A long-running land dispute tied to the widening of Highway 4 between the Hadarim interchange and Hadera has ended in a major win for private landowners. For years, owners of agricultural plots along the route of National Outline Plan 43, or TATL 43, fought Israel National Roads Company and planning bodies over how much expropriated farmland in central Israel is worth, and whether compensation should still be based on valuations set decades ago.
TATL 43 converts farmland to road use along the section from the Hadarim interchange to the Nahala Hadera interchange. The state and National Roads had argued that the land was only worth tens of thousands of shekels per dunam because it had no planning potential.
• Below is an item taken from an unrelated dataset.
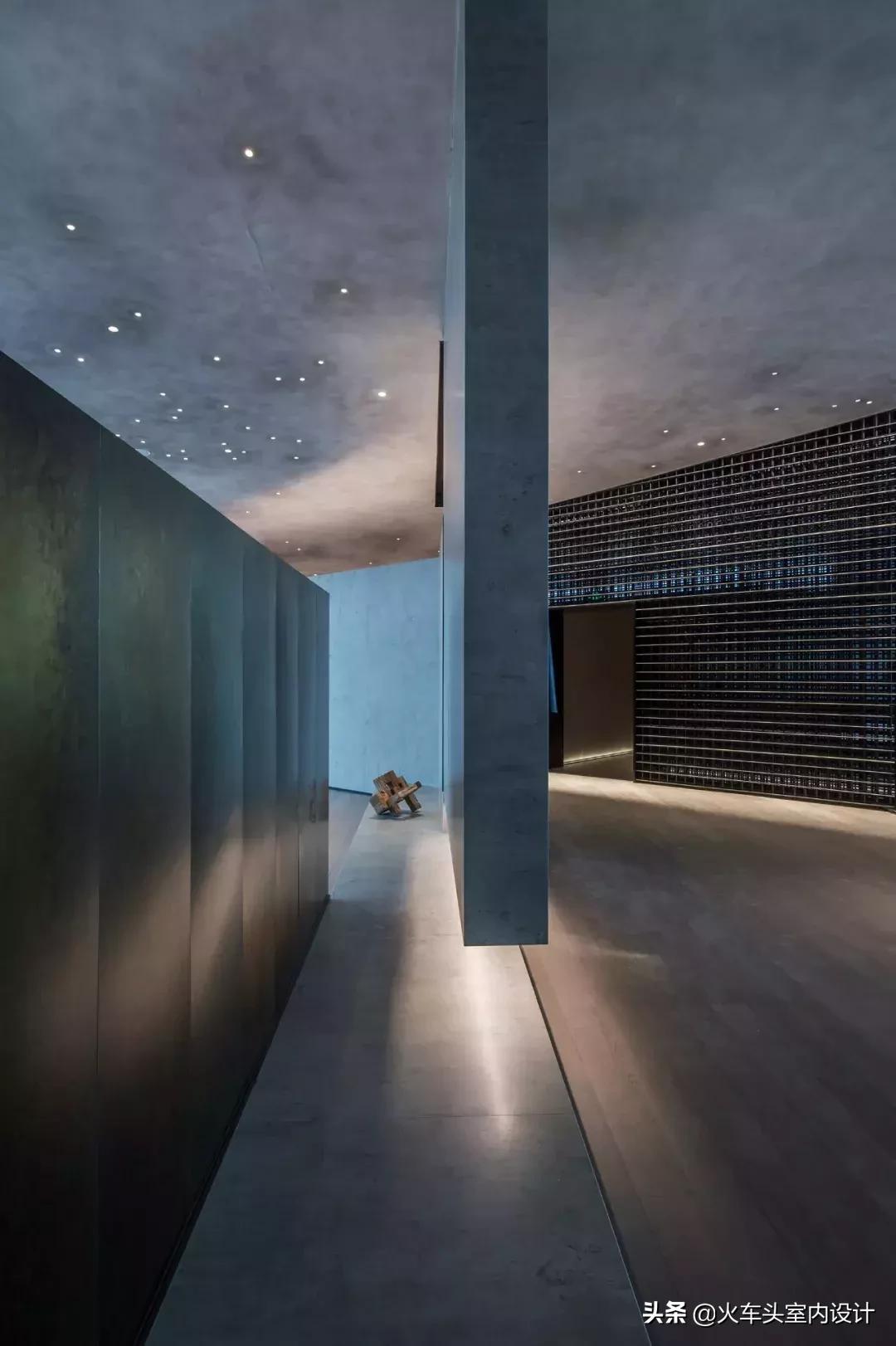 夯土墙设计,夯土设计风格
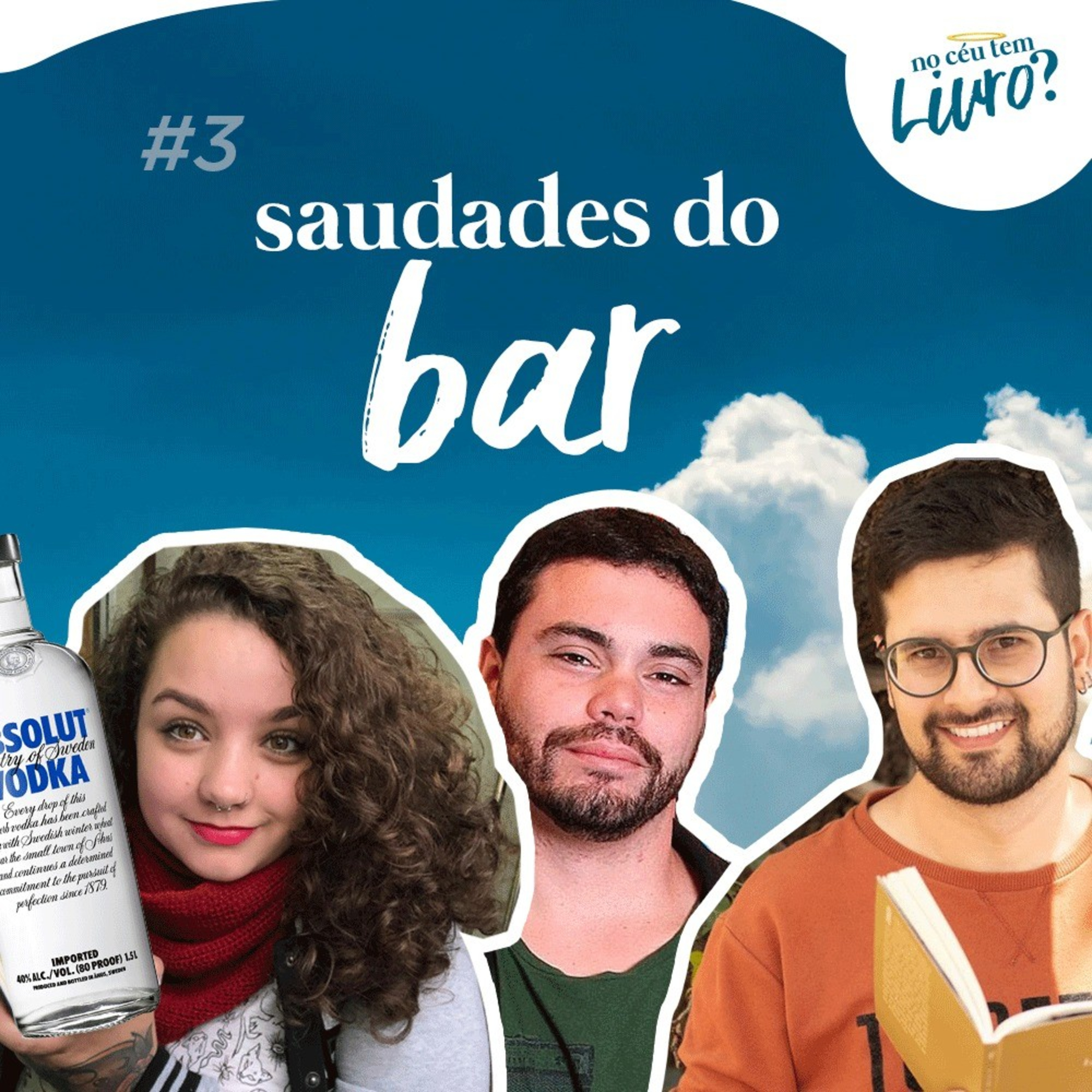 No céu tem livro?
The owners said the plots were worth about 400,000 shekels per dunam, or more, and warned that raising the valuation to around 200,000 shekels could cost the state tens or even hundreds of millions of shekels across the many kilometers of expropriations.
Recently, the Central District Planning and Building Appeals Committee sided with some of the landowners and set compensation much higher than the authorities had sought, including a value of about 200,000 shekels per dunam for privately owned agricultural land in some cases. The rulings came in appeals filed by landowners in the Sharon region after their land was rezoned for road use. The committee’s decision produced loss-of-value awards ranging from 1 million to 2.5 million shekels for individual parcels.
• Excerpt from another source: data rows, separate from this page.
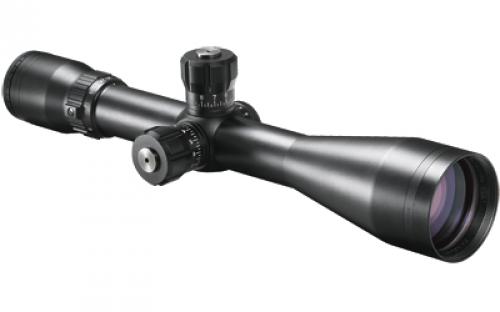 Bushnell Elite Tactical Rifle Scope, 4.5-30X50, 30mm Main Tube, Mil-Dot, Side Focus, Matte Finish ET4305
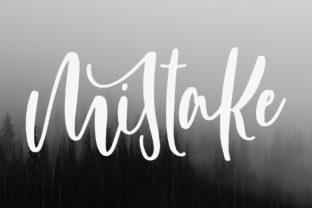 Mistake Font: A Bold, Authentic Script for Small Business Branding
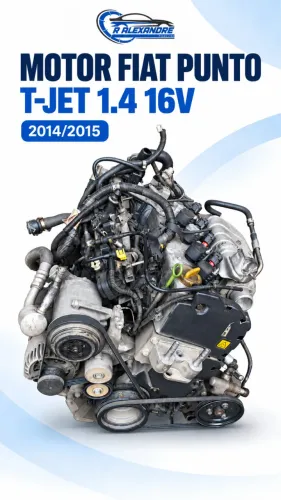 MOTOR FIAT PUNT T-JET 1.4 16V 2014/2015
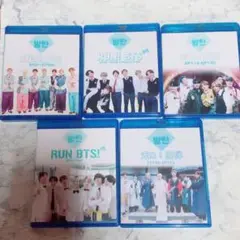RUN BTS EP1～155 Blu-ray 日本語字幕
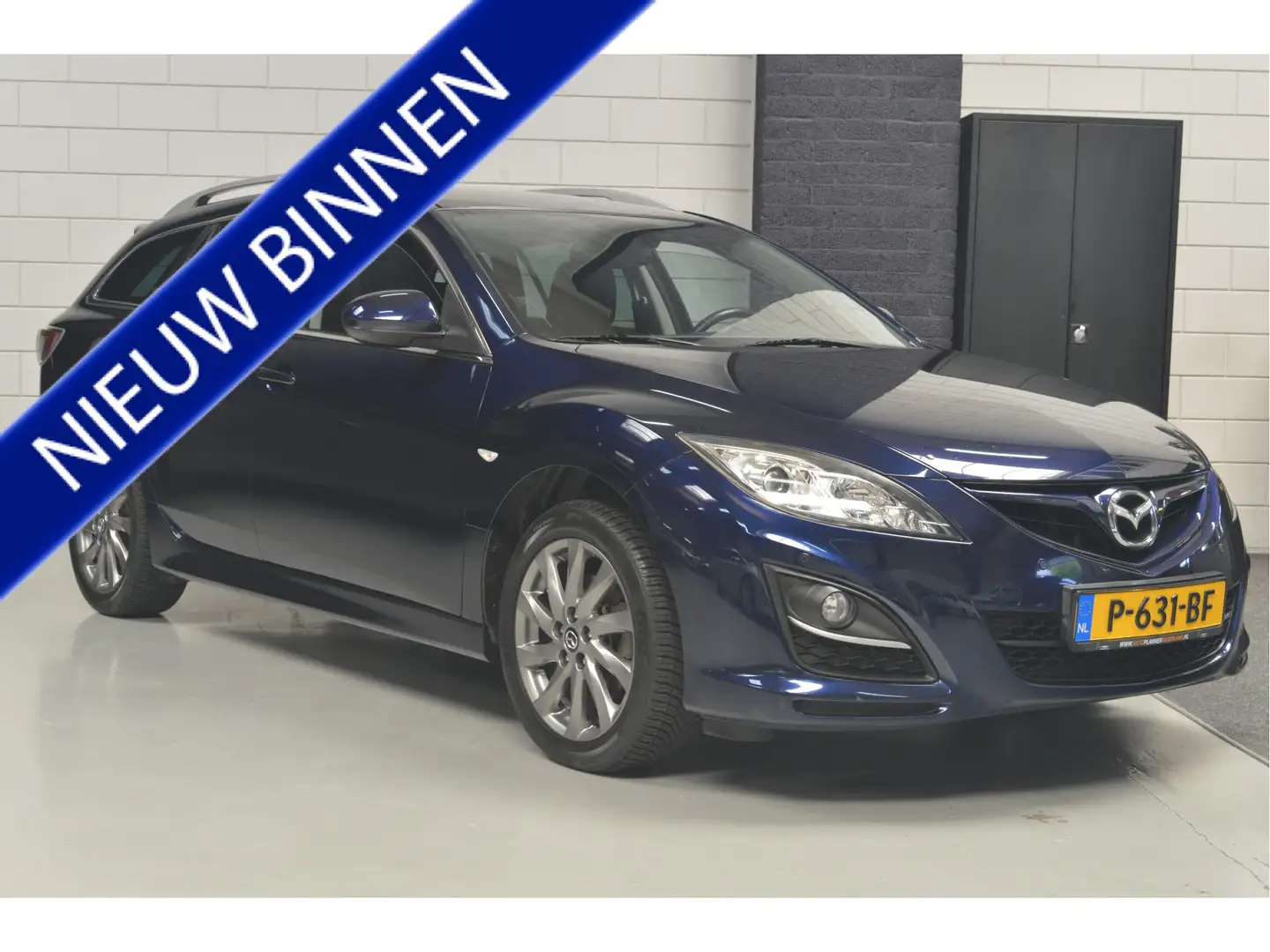 Mazda 6 Sportbreak 2.0 GT-M Line // CLIMA // CRUISE // TRE Niebieski - 1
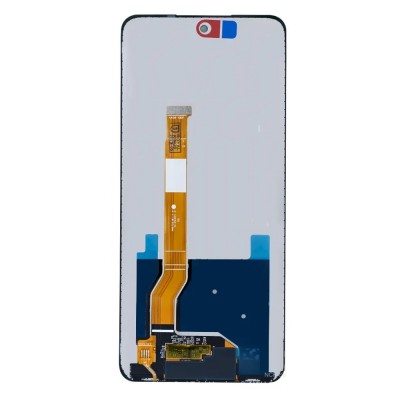 Lcd With Touch Screen For Realme 15t 5g Silver By - Maxbhi Com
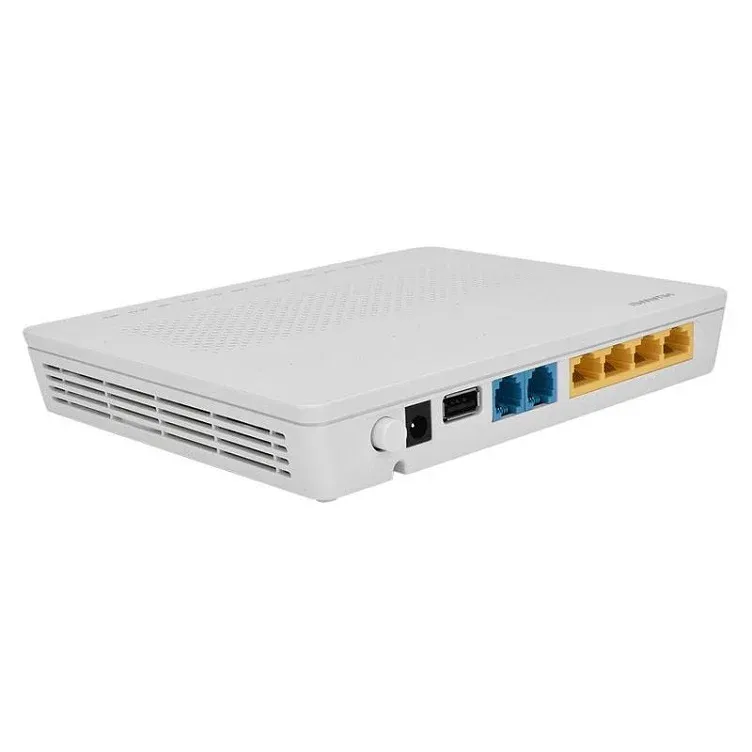 Used Gpon Onu Hg8346r, 4fe+2pots+usb+wifi Ont Gpon, Gpon Ont Price-boxintelecom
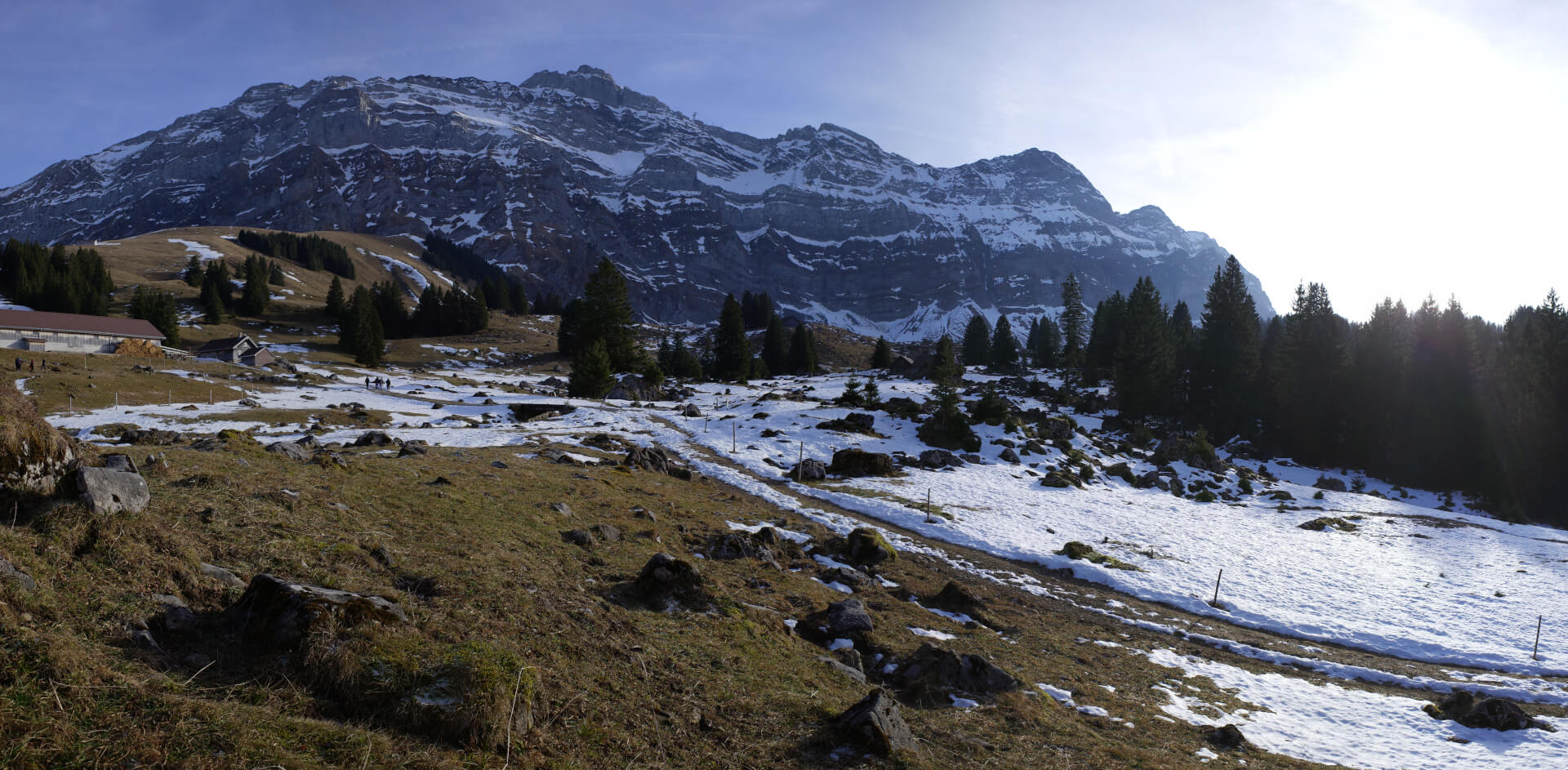 Rodelstraße Schwägalp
National Roads and the Sharon regional planning authority argued that agricultural land should be assessed without future planning potential and presented lower appraisals. The company later tried to challenge the ruling through a late objection, citing material errors and calculation gaps, but the committee rejected the challenge and left the valuation in place.
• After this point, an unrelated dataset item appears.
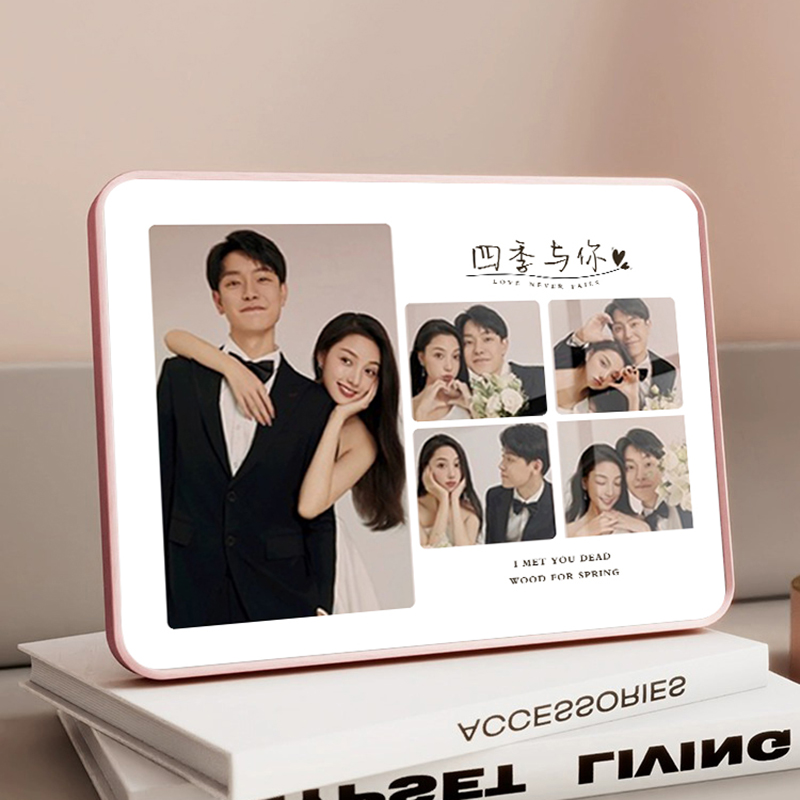 影米拉铝合金相框简约现代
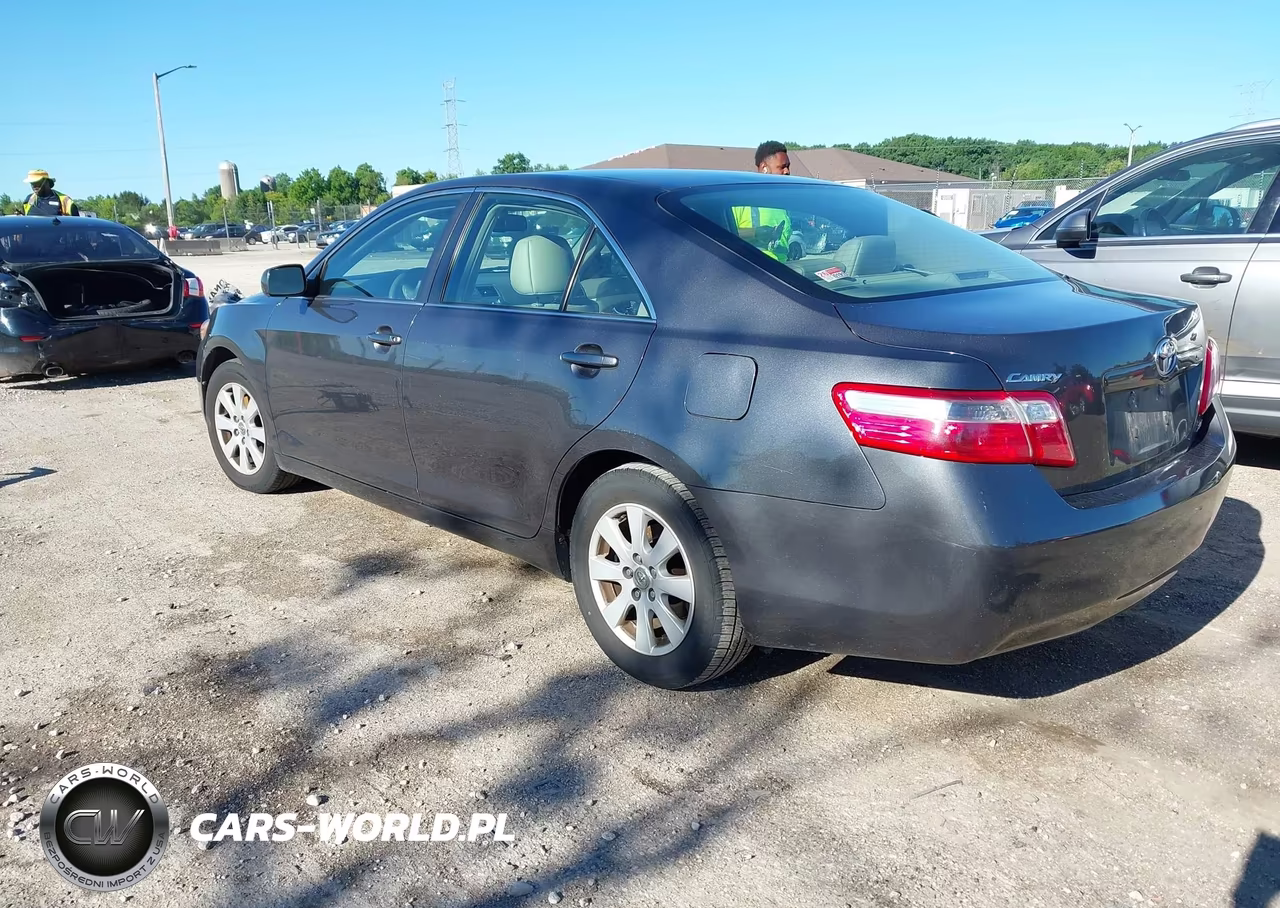 2008 Toyota Camry Xle VIN:4T1BE46K08U207840 - 3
Attorney Tzvi Shuv, who represented the appellants, said the Supreme Court’s “Deli Delia” precedent bars considering future planning potential in agricultural expropriation cases. He said the committee nonetheless recognized that private agricultural land has real economic value from existing rights and permitted uses, including photovoltaic facilities and income-generating agricultural uses, and noted that private agricultural land is not equivalent to land managed by the Israel Land Authority. The landowners’ appraisal was prepared by surveyors Oren Albaz and Ori Rozenswieg.